• [Problem to solve]: Please return every line of the material verbatim and skip any images.

• [Exercise data]:
########################################
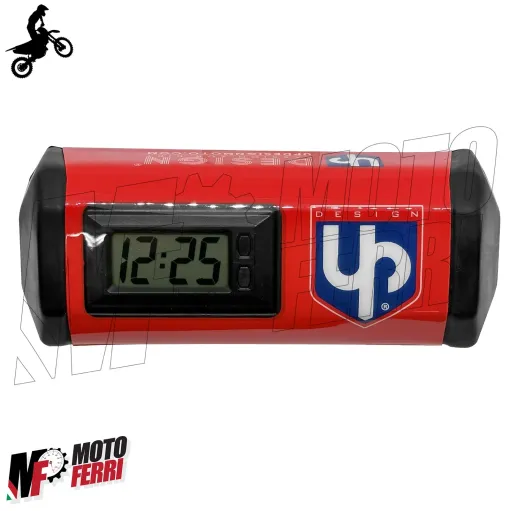 MF6035 Paracolpi Manubrio Traversa con Orologio UP Design Motard Cross Enduro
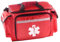 Primacare KB-1088 EMT First Responder Trauma Bag | Borsa a tracolla vuota Deluxe EMS | Borsa professionale per kit di pronto soccorso con 4 grandi scomparti per forniture mediche di emergenza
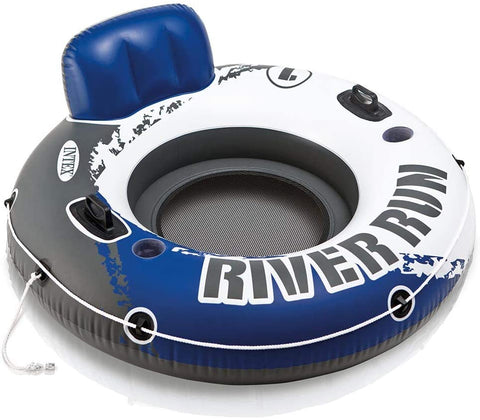 Image of Intex River Run I Sport Lounge Inflatable Water Float 53"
########################################
• [Solution to this exercise]:
 MF6035 Paracolpi Manubrio Traversa con Orologio UP Design Motard Cross Enduro
 Primacare KB-1088 EMT First Responder Trauma Bag | Borsa a tracolla vuota Deluxe EMS | Borsa professionale per kit di pronto soccorso con 4 grandi scomparti per forniture mediche di emergenza
 Image of Intex River Run I Sport Lounge Inflatable Water Float 53"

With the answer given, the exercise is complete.